Single by the Drifters

from the album The Good Life with the Drifters
- B-side: "Spanish Lace"
- Released: 1964
- Recorded: 1964
- Studio: Atlantic (New York City)
- Genre: Soul, doo-wop
- Length: 2:26
- Label: Atlantic
- Songwriters: Barry Mann, Cynthia Weil
- Producer: Bert Berns

The Drifters singles chronology
| "I've Got Sand in My Shoes" (1964) | "Saturday Night at the Movies" (1964) | ""The Christmas Song" / "I Remember Christmas"" (1964) |

Official audio
- "Saturday Night at the Movies" on YouTube

= Saturday Night at the Movies (song) =

"Saturday Night at the Movies" is a song written by Barry Mann and Cynthia Weil and performed by American vocal group the Drifters with Johnny Moore as vocalist. The song was arranged and conducted by Teacho Wiltshire and produced by Bert Berns.
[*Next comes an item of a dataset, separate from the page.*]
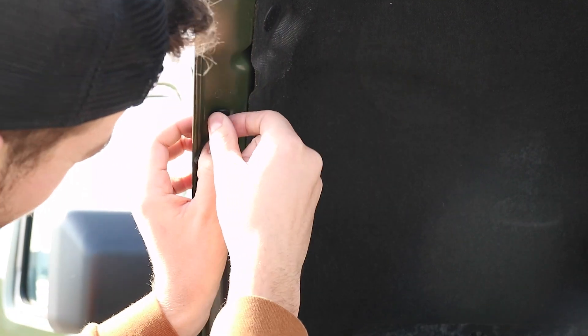Next you're going to take your M6, you're going to thread it into this piece and you're going to go in behind this seal, push it up and then you can see it's placed in there.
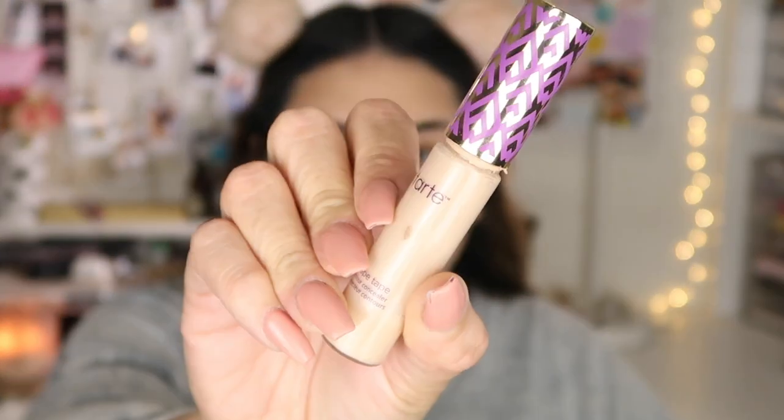I'm going to take my sponge and blend that contour with the foundation. Now I'm going to move on to highlighting and covering up my dark circles. I'm going to be taking my Tarte Shape Tape Concealer in the shade 20S Light Sand. I'm going to dot this right here underneath my eyes, a little bit on the bridge of my nose, a little bit on my forehead, and a little bit on my chin. I use a little bit of product at a time, and if I need more I build it up — I just don't apply a lot of product all at once.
The song was released as a 1964 single, peaking at number 18 on the US Billboard Hot 100. In the United Kingdom, the song peaked at number 35. The song charted again in the UK in March 1972 when reissued as a double A-side with "At the Club", peaking at number three on the UK Singles Chart.

==Personnel==
The song was recorded on August 4, 1964, at Atlantic Studios in New York City.

- Johnny Moore – lead tenor vocal
- Charlie Thomas – tenor vocal
- Eugene Pearson – baritone vocal
- Johnny Terry – bass vocal
- Ernie Hayes – piano
- Everett Barksdale – guitar
- Bill Suyker – guitar
- Bob Bushnell – guitar
- Milt Hinton – bass
- Gary Chester – drums

==Charts==

| Chart (1964–1965) | Peak position |
|---|---|
| UK Singles (OCC) | 35 |
| US Billboard Hot 100 | 18 |
| US Top 50 in R&B Locations (Cash Box) | 8 |

| Chart (1972) | Peak position |
|---|---|
| UK Singles (OCC) | 3 |

==Certifications==

| Region | Certification | Certified units/sales |
| New Zealand (RMNZ) | Platinum | 30,000^{‡} |
| United Kingdom (BPI) | Silver | 200,000^{‡} |
^{‡} Sales+streaming figures based on certification alone.

==Other versions==

- Inger Öst recorded the song with lyrics in Swedish by Green as På nian på lördag, releasing it as a single in January 1968, with Öppna ditt hjärta (Open Your Heart) acting as a B-side.
- In 1996, a version was featured as track 5 on the album Take Two, the second and final studio album by English pop-duo Robson and Jerome. It also features on both of the duo's compilation albums, titled "Happy Days – The Best Of" and "The Love Songs".
- In 2002, the song was recorded by Swedish band Barbados on the album Världen utanför.
- In 2008, Swedish band Drifters recorded the song on the album Tycker om dig: Svängiga låtar från förr.
- In 2013, British vocal group The Overtones recorded the song on their album, also called Saturday Night at the Movies.
- In 2017, English singer Joe McElderry recorded the song on his #10 album, also titled Saturday Night at the Movies.